According to Kurt Gerecke, a storage expert and physicist working for IBM in Europe, a standard burned CD you pick up off the shelf is going to last you only two years, five years at the upper end of the spectrum for quality media. The CD supposedly breaks down over time, and anyone looking for a serious backup solution should consider using magnetic tape due to its longer lifespan.
"Unlike pressed original CDs, burned CDs have a relatively short life span of between two to five years, depending on the quality of the CD," Gerecke said in an interview this week. "There are a few things you can do to extend the life of a burned CD, like keeping the disc in a cool, dark space, but not a whole lot more."

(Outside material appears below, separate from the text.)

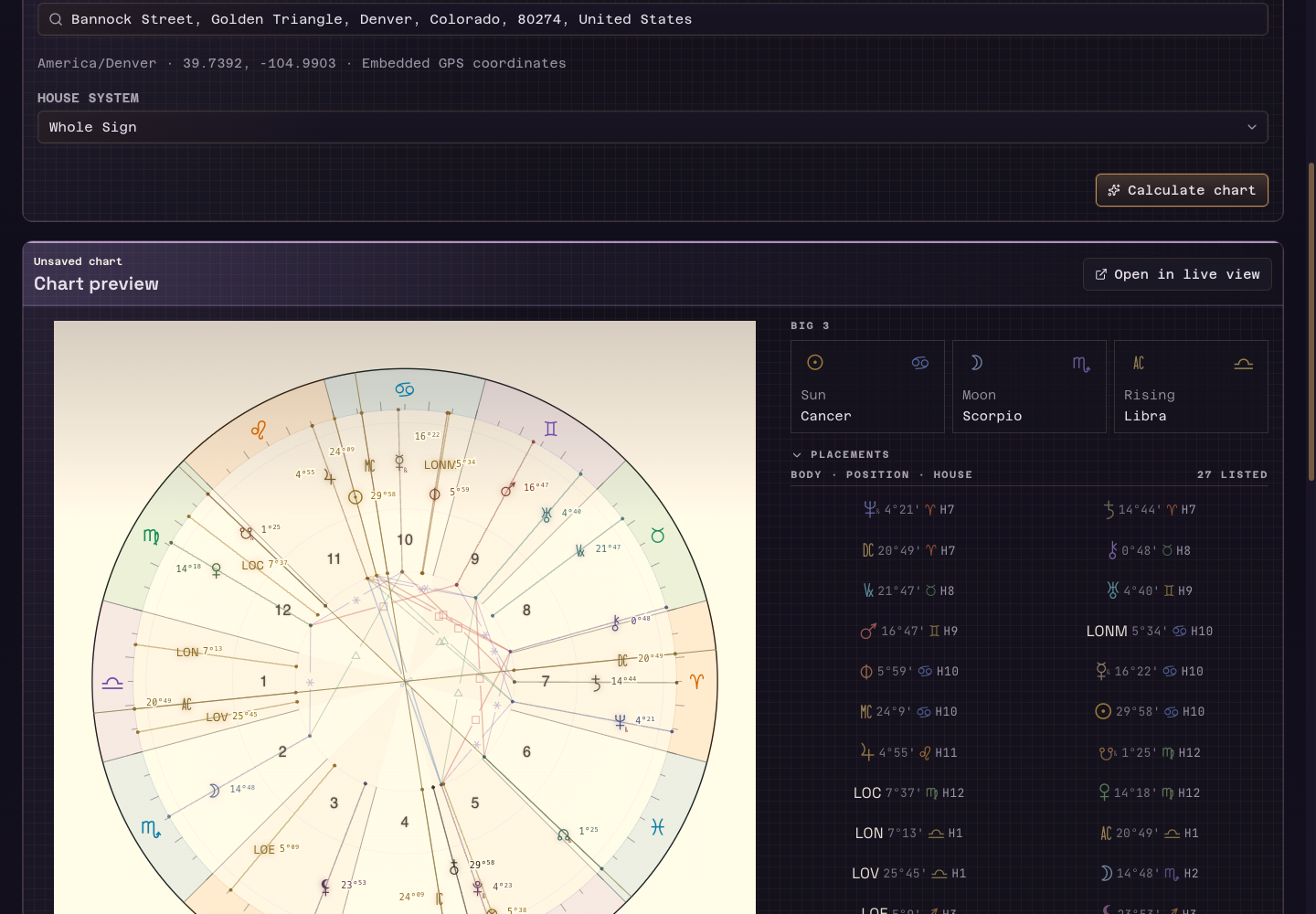 File Metadata Chart — local UI fixture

While it's true that a standard set of tapes, stored properly, is going to last you a very long time, it's possible there may be something else behind these statements. The dye in CDs does degrade over time, but often I make use of burned CDs that are well over 8 years old, still functioning. The quality of the discs you buy and the method you use to store the discs will impact the life of the CD. He also does mention the use of hard drives as a backup-worthy medium, with bearings wearing out being the primary concern. Then again, if you are using hard drives as a backup solution, the hard drives should be stored in a safe place, not in used, and thus not being worn down. Gerecke's advice seems more applicable to businesses, though, and for just about every desktop user out there, CDs, DVDs and, at most, hard drives, are likely more than enough.